**Data to process**

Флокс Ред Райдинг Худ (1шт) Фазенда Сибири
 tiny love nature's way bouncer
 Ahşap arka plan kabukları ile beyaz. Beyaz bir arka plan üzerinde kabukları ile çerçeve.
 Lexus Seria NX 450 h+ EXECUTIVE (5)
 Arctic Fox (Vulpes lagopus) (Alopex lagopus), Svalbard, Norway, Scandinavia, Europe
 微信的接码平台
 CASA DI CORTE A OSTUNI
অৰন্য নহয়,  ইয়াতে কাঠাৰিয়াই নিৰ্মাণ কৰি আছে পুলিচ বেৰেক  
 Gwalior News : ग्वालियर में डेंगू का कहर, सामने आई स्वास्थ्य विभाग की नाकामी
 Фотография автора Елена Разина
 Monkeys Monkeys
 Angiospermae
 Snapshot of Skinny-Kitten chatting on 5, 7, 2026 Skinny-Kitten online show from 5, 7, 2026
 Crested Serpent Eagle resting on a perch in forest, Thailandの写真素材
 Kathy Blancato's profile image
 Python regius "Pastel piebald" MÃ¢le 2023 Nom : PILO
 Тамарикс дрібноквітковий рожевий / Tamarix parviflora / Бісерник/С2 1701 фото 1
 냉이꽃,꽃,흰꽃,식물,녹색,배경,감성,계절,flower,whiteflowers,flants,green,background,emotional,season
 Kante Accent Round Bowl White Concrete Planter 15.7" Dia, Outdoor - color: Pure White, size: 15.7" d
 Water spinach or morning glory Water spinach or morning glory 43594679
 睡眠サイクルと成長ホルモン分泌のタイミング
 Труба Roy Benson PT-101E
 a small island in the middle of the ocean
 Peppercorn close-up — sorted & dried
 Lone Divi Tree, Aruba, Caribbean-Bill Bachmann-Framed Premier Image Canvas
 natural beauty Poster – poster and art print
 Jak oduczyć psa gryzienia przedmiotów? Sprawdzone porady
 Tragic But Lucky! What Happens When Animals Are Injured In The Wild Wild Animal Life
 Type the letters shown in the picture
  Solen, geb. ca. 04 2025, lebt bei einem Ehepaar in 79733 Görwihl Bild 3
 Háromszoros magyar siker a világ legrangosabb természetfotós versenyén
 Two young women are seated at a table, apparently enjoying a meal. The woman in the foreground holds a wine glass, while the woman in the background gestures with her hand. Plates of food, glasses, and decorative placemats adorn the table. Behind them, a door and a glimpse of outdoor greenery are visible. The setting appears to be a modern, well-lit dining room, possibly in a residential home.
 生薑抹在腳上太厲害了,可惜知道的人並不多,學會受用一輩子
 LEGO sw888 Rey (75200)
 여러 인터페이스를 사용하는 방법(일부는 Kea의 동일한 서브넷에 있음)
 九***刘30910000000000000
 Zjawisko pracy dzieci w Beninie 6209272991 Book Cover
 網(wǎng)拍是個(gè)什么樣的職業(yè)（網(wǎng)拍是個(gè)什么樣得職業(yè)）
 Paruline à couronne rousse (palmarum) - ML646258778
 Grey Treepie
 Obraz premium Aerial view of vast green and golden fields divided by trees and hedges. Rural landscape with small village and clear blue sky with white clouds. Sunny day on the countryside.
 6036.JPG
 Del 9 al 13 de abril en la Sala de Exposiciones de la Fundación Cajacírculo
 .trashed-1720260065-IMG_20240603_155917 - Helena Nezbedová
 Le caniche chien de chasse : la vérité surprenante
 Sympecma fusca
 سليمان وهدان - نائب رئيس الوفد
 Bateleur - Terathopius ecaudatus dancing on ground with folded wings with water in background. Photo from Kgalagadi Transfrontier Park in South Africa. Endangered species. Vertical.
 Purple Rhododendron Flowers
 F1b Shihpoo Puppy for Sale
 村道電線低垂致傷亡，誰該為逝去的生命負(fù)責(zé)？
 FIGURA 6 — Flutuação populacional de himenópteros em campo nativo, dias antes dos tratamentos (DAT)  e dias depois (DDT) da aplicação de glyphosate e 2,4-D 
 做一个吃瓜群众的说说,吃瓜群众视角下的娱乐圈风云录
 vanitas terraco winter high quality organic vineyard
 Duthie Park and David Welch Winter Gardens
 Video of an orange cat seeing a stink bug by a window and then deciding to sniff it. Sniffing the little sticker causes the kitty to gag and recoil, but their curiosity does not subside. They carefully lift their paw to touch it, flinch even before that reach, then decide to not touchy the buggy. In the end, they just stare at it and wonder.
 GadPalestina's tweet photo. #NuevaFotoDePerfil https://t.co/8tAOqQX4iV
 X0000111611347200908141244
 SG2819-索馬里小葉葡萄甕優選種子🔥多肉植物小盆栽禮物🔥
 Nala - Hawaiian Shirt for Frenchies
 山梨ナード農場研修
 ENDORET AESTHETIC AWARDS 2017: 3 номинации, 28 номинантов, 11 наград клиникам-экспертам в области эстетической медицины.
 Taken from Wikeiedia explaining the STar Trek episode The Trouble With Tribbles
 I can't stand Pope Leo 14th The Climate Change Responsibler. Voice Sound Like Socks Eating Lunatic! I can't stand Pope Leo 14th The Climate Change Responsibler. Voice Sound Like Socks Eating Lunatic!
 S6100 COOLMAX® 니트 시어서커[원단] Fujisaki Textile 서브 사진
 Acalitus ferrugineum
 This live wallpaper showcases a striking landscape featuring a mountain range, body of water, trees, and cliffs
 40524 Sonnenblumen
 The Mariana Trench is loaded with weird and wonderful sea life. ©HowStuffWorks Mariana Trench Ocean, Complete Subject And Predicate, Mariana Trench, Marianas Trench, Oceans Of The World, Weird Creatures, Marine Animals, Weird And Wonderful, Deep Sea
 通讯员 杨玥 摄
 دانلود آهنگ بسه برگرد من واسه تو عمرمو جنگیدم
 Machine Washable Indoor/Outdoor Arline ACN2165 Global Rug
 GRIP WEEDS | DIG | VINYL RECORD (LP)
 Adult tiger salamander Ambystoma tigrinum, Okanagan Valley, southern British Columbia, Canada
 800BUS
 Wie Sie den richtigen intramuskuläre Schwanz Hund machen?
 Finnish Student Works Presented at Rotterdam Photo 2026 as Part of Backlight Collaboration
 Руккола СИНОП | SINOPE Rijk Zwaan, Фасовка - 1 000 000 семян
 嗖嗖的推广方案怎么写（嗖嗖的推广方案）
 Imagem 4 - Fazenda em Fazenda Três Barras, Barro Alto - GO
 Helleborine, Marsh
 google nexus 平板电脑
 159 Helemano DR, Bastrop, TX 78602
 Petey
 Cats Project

**What you need to do**
Look above for the line containing "GadPalestina's tweet photo.". Return it and each line after it exactly, through the last line, and nothing more.

**Answer to the exercise**
 GadPalestina's tweet photo. #NuevaFotoDePerfil https://t.co/8tAOqQX4iV
 X0000111611347200908141244
 SG2819-索馬里小葉葡萄甕優選種子🔥多肉植物小盆栽禮物🔥
 Nala - Hawaiian Shirt for Frenchies
 山梨ナード農場研修
 ENDORET AESTHETIC AWARDS 2017: 3 номинации, 28 номинантов, 11 наград клиникам-экспертам в области эстетической медицины.
 Taken from Wikeiedia explaining the STar Trek episode The Trouble With Tribbles
 I can't stand Pope Leo 14th The Climate Change Responsibler. Voice Sound Like Socks Eating Lunatic! I can't stand Pope Leo 14th The Climate Change Responsibler. Voice Sound Like Socks Eating Lunatic!
 S6100 COOLMAX® 니트 시어서커[원단] Fujisaki Textile 서브 사진
 Acalitus ferrugineum
 This live wallpaper showcases a striking landscape featuring a mountain range, body of water, trees, and cliffs
 40524 Sonnenblumen
 The Mariana Trench is loaded with weird and wonderful sea life. ©HowStuffWorks Mariana Trench Ocean, Complete Subject And Predicate, Mariana Trench, Marianas Trench, Oceans Of The World, Weird Creatures, Marine Animals, Weird And Wonderful, Deep Sea
 通讯员 杨玥 摄
 دانلود آهنگ بسه برگرد من واسه تو عمرمو جنگیدم
 Machine Washable Indoor/Outdoor Arline ACN2165 Global Rug
 GRIP WEEDS | DIG | VINYL RECORD (LP)
 Adult tiger salamander Ambystoma tigrinum, Okanagan Valley, southern British Columbia, Canada
 800BUS
 Wie Sie den richtigen intramuskuläre Schwanz Hund machen?
 Finnish Student Works Presented at Rotterdam Photo 2026 as Part of Backlight Collaboration
 Руккола СИНОП | SINOPE Rijk Zwaan, Фасовка - 1 000 000 семян
 嗖嗖的推广方案怎么写（嗖嗖的推广方案）
 Imagem 4 - Fazenda em Fazenda Três Barras, Barro Alto - GO
 Helleborine, Marsh
 google nexus 平板电脑
 159 Helemano DR, Bastrop, TX 78602
 Petey
 Cats Project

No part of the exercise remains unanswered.